(Beginning of Data for analysis)

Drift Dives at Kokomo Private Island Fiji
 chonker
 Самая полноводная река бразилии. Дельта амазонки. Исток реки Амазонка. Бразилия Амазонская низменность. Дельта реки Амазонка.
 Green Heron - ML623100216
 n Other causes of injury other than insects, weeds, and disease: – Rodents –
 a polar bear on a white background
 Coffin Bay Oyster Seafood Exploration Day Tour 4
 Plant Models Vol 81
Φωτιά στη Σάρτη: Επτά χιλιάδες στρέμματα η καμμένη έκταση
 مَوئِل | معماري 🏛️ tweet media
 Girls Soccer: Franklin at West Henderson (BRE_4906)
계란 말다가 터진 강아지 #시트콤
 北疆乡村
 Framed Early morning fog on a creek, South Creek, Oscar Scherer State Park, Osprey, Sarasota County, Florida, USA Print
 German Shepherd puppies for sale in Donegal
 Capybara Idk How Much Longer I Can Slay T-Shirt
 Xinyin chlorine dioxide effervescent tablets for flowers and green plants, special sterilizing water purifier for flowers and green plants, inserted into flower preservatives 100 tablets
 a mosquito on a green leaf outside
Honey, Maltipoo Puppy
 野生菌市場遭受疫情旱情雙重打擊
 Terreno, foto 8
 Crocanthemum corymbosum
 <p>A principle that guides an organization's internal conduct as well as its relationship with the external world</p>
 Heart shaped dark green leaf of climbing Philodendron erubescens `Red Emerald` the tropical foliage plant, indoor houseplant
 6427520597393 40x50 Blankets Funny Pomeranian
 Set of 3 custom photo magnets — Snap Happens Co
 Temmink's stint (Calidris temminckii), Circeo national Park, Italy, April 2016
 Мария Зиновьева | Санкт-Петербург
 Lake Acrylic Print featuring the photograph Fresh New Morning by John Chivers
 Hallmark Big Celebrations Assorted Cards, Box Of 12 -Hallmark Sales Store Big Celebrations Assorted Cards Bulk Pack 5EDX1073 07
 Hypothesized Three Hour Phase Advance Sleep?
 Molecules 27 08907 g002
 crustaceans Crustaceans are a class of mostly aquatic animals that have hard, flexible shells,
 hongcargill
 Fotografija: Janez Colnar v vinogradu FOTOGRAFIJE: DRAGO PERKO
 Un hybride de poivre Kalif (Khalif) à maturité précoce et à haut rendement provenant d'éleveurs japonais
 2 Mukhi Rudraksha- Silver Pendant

(End of Data for analysis)

Exercise prompt
Above are the entries. Quote exactly the lines from the one bearing "Honey, Maltipoo Puppy" through the one bearing "Lake Acrylic Print".

Reply to the exercise
Honey, Maltipoo Puppy
 野生菌市場遭受疫情旱情雙重打擊
 Terreno, foto 8
 Crocanthemum corymbosum
 <p>A principle that guides an organization's internal conduct as well as its relationship with the external world</p>
 Heart shaped dark green leaf of climbing Philodendron erubescens `Red Emerald` the tropical foliage plant, indoor houseplant
 6427520597393 40x50 Blankets Funny Pomeranian
 Set of 3 custom photo magnets — Snap Happens Co
 Temmink's stint (Calidris temminckii), Circeo national Park, Italy, April 2016
 Мария Зиновьева | Санкт-Петербург
 Lake Acrylic Print featuring the photograph Fresh New Morning by John Chivers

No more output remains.